IN BRIEF

  • The macro environment in 2017 provided fertile ground for most asset markets. The recovery strengthened by sector and geography, and while deflation risks receded, inflation failed to accelerate enough to spoil the party. Central banks committed to maintain accommodative policy for the foreseeable future pleasing equity and bond investors alike. The question on most investors’ minds is: “is this too good to last?”
  • We find little cause for imminent concern. The recovery may be “old,” but there is still scope for the expansion to broaden both through Europe and the emerging world. If anything, macroeconomic risks are receding and there is even upside potential if productivity starts to pick up alongside trade and investment.
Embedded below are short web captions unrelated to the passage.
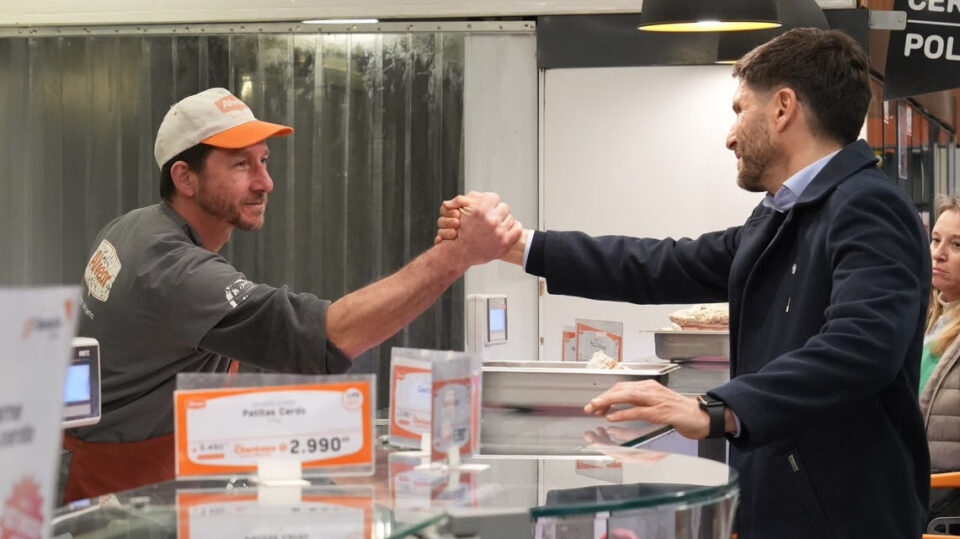 Acuerdo Santa Fe: Pullaro presentó una nueva etapa del programa que ofrece cinco cortes de cerdo a $ 7.900 el kilo
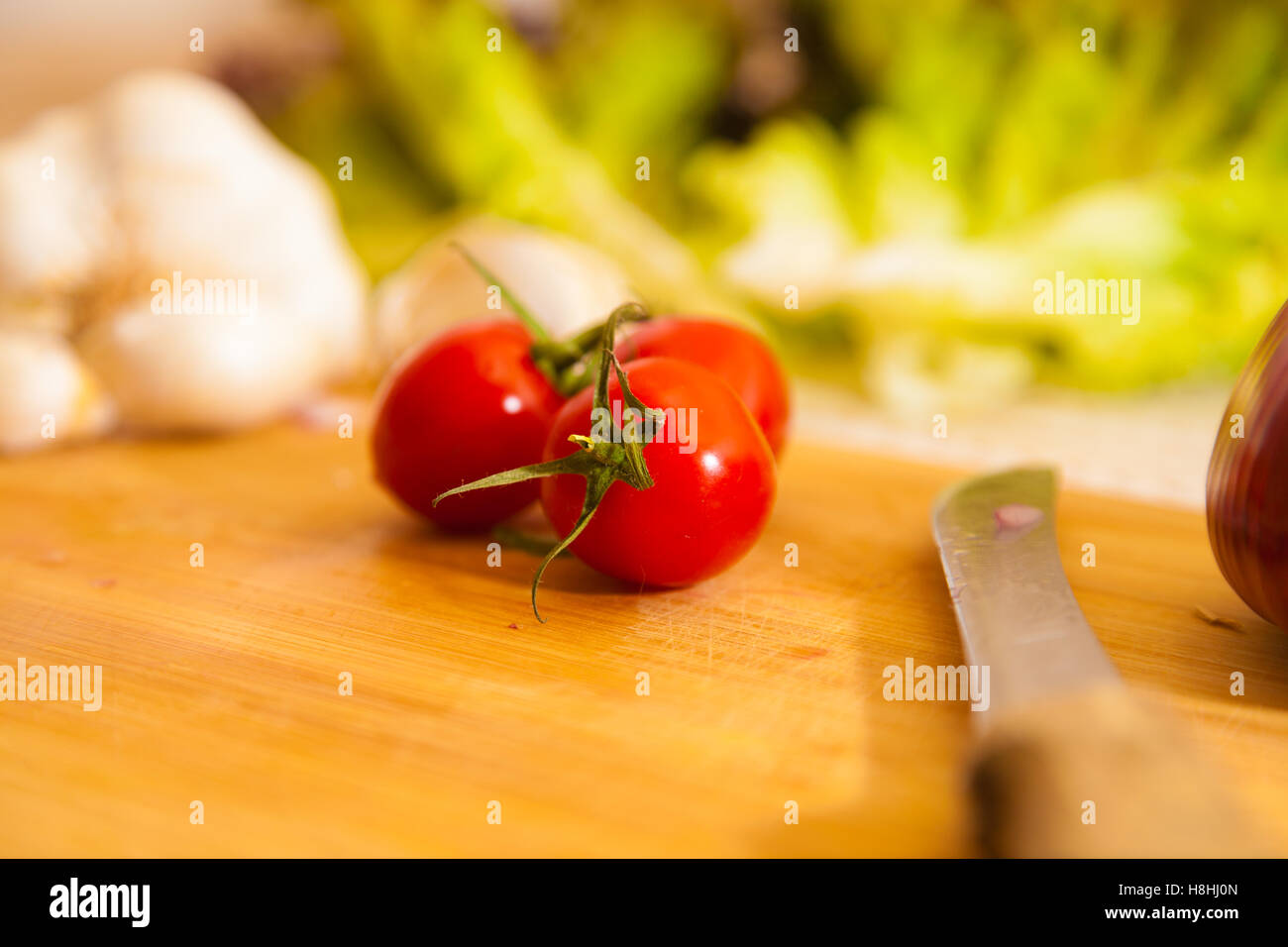 Peu de tomates cocktail se trouve sur une carte Banque D'Images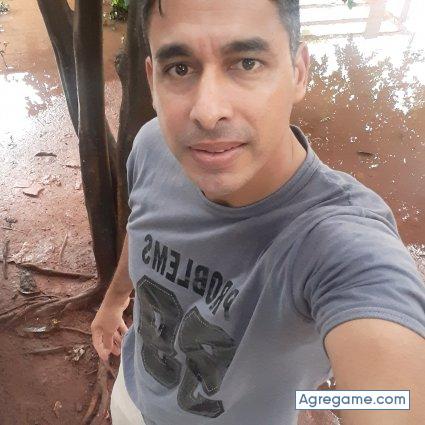 Aldodario chico soltero en Itauguá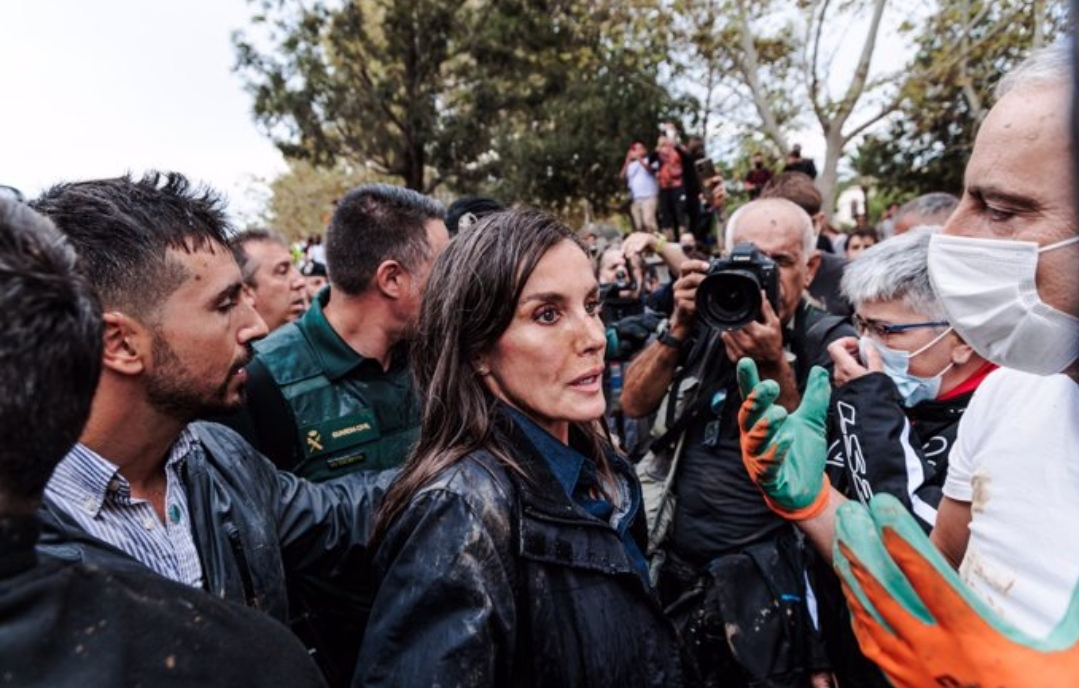 La Reina Letizia continuó con la visita embarrada a pesar del grave altercado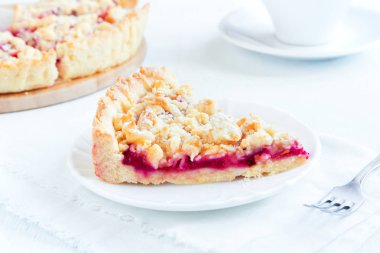 Ev yapımı shortcrust meyve pasta ile beyaz arka plan - meyve ile ev yapımı pasta üzerinde harap veya (kiraz, Erik, çilek, ahududu) reçel çay saati için berry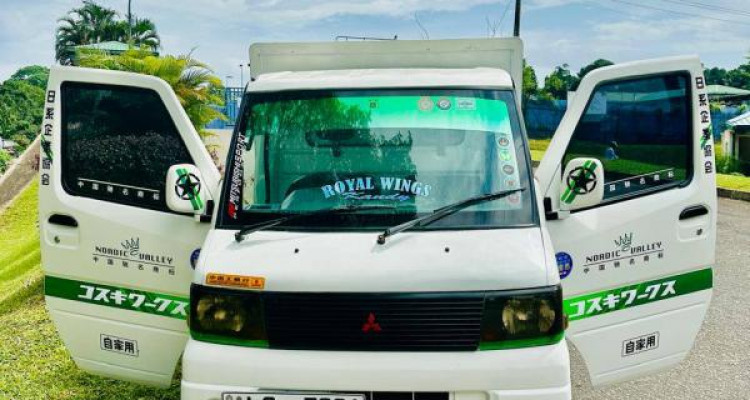 MITSUBISHI MINICAB 2006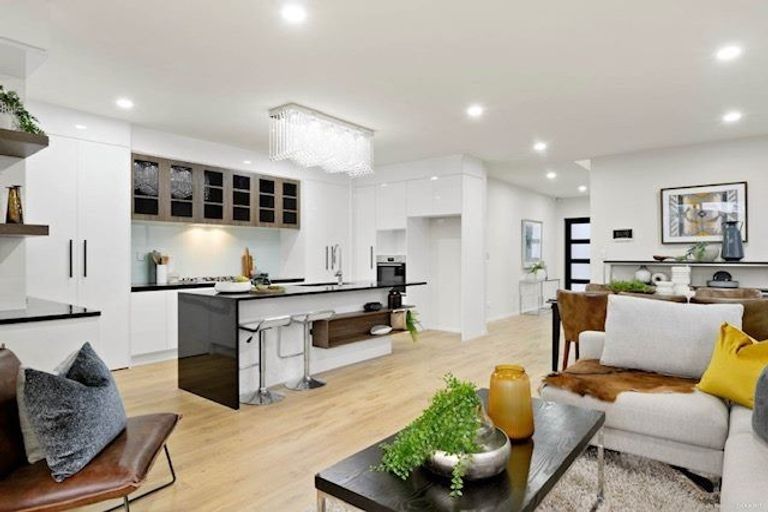 Photo of property in 7 Ballinabreen Road, Flat Bush, Auckland, 2019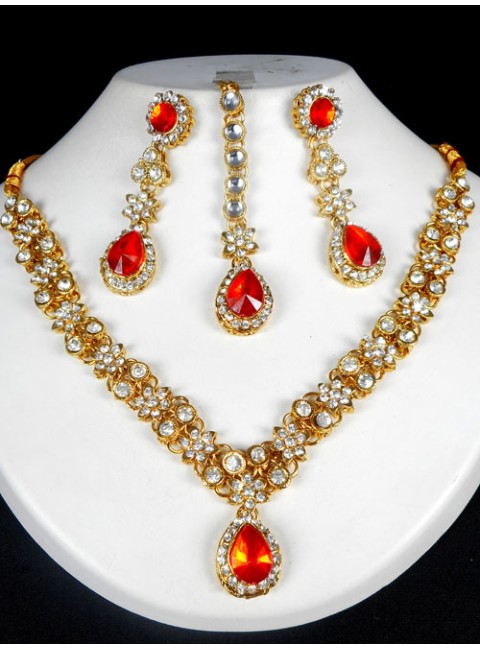 Kundan Jewelry Set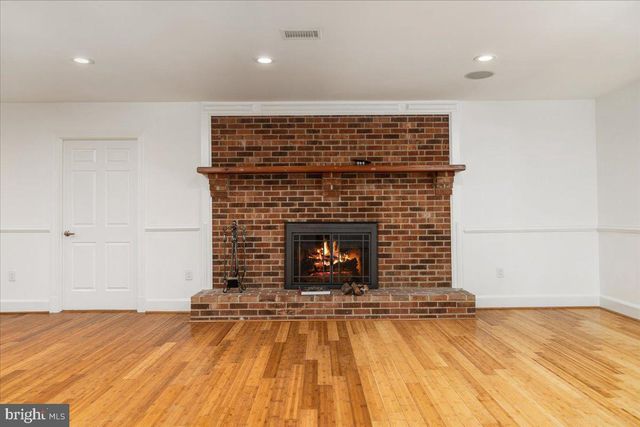 532 WALKER RD, Great Falls, VA 22066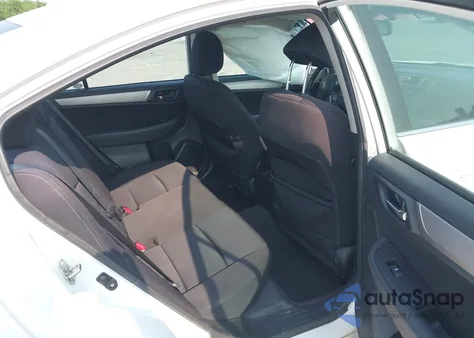 2015 Subaru Legacy 2.5I Premium z USA, uszkodzony, nr VIN 4S3BNAC68F3050166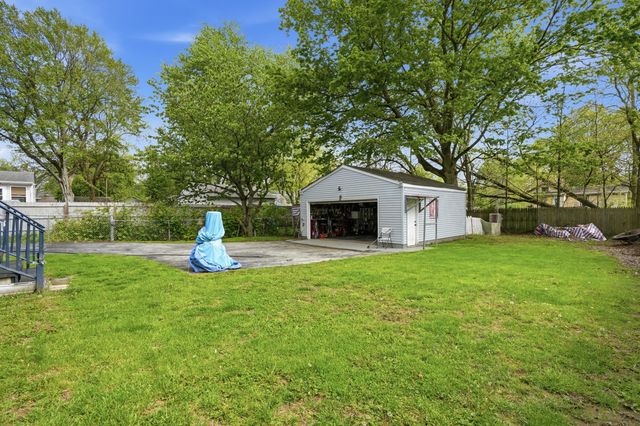 1002 Beech Street, Valparaiso, IN 46383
Even in the US, where the cycle is more mature, the leading indicators remain strong and point to robust corporate earnings.
  • While the Federal Reserve (Fed) will continue to slowly lift the Fed funds rate higher, longer-term rates are likely to be constrained by ongoing accommodative policy at both the European Central Bank (ECB) and Bank of Japan (BoJ). Do not underestimate the impact of the BoJ’s extraordinary commitment to fix its 10-year government bond yield at 0%. Forget “don’t fight the Fed”; it is the BoJ we will be keeping an eye on.
  • Overall, we are more concerned that this “Goldilocks” expansion becomes “too hot,” rather than “too cold,” in 2018. We see little reason to shift out of a portfolio skewed towards risk assets. Given everything seems expensive, we still prefer equities over credit over government bonds. Cash is expected to produce a negative real return for yet another year.
  • There are still things to be wary of. In particular, no one knows for sure whether inflation is dead or merely sleeping. Similarly, central banks could get tetchier about whether they are repeating the errors of the 2000s. A punchier uptick in inflation and/or more hawkish central banks would result in significant market moves. To insure against such shifts, investors should think not just about the diversification, but also the liquidity of their portfolio. It might also be worth building positions in assets less vulnerable to inflation and higher yields, such as financials and value sectors over growth. After a period of exceptionally low volatility, a more nimble approach to asset management may well be required this year.